Elite Boutiques
What are they? What sets them apart from the bulge brackets? What sets each of them apart?
Elite boutique banks occupy a distinctive and increasingly respected position in investment banking. They are not household names in the way that bulge bracket firms are, but within the finance industry they are regarded as among the most selective and sophisticated advisory practices in the world. For students pursuing investment banking, understanding what elite boutiques are, how they differ from bulge brackets, and what each firm is specifically known for is essential knowledge.
What Is an Elite Boutique?
An elite boutique is an independent advisory firm that focuses almost exclusively on advising clients rather than financing them. Unlike bulge bracket banks, elite boutiques do not typically operate trading desks, underwrite securities at scale, or extend credit to clients. Their business model is built entirely on the quality of their strategic advice, and their revenue comes from advisory fees rather than from balance sheet deployment.
The "elite" designation distinguishes these firms from the broader category of boutique banks, which includes smaller regional and sector-specific shops. Elite boutiques consistently rank alongside bulge bracket banks in global M&A league tables, advise on the largest and most complex transactions in the market, and largely recruit from the same narrow pool of target schools. In many years, firms like Centerview and Evercore place in the global top ten for M&A advisory volume, competing directly with Goldman Sachs and JPMorgan.
What elite boutiques offer that bulge brackets cannot is structural independence. Because they have no lending relationships, trading operations, or underwriting interests tied to any transaction, they can present themselves to clients as genuinely conflict-free advisors. A bulge bracket bank advising on an acquisition may also be angling to provide the financing, the hedging, or the debt underwriting. An elite boutique has no such competing interest.
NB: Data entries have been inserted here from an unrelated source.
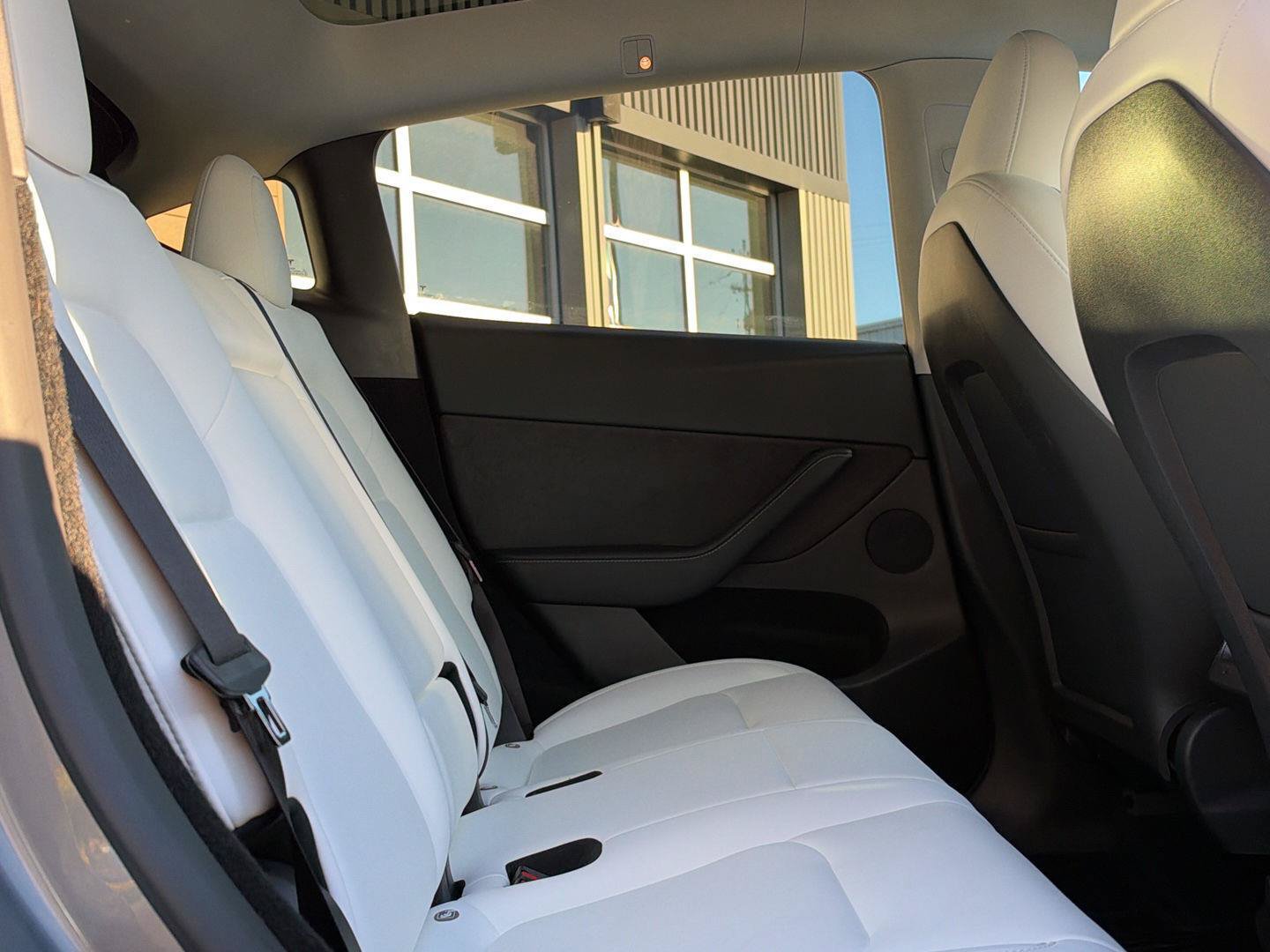 Used 2024 Tesla Model Y Long Range AWD/4WD image 20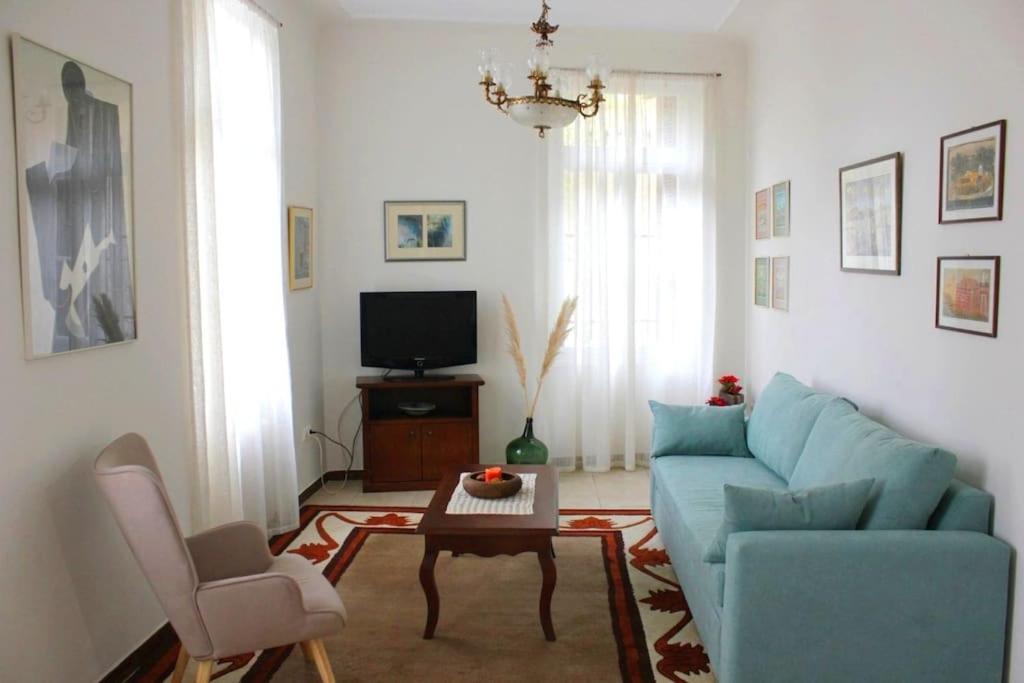 Calliope'S Neoclassical Home In The Heart Of Plaka Афины Экстерьер фото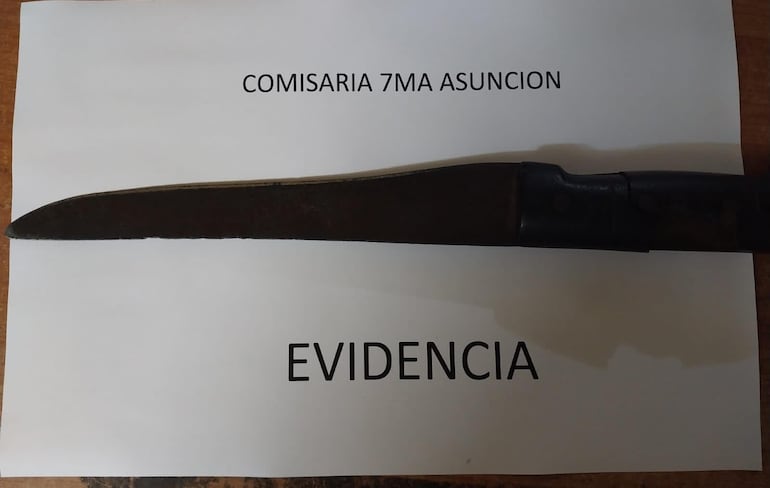 Puñal incautado en poder de un hombre que atacó dos locales de Biggie en menos de dos horas.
How Elite Boutiques Differ from Bulge Brackets for Analysts
For you evaluating where to start a career, the practical differences between an elite boutique and a bulge bracket are meaningful.
At an elite boutique, the work is almost entirely advisory. Analysts spend their time on M&A, restructuring, and strategic advisory mandates rather than rotating through capital markets or other product lines. Deal teams tend to be smaller, which means analysts often take on more responsibility earlier and have more direct client exposure. Compensation at elite boutiques is typically equal to or above bulge bracket levels, with some firms, particularly Centerview, known for paying meaningfully above the Street. Hours are generally comparable to or longer than bulge bracket banking, and the work is similarly demanding.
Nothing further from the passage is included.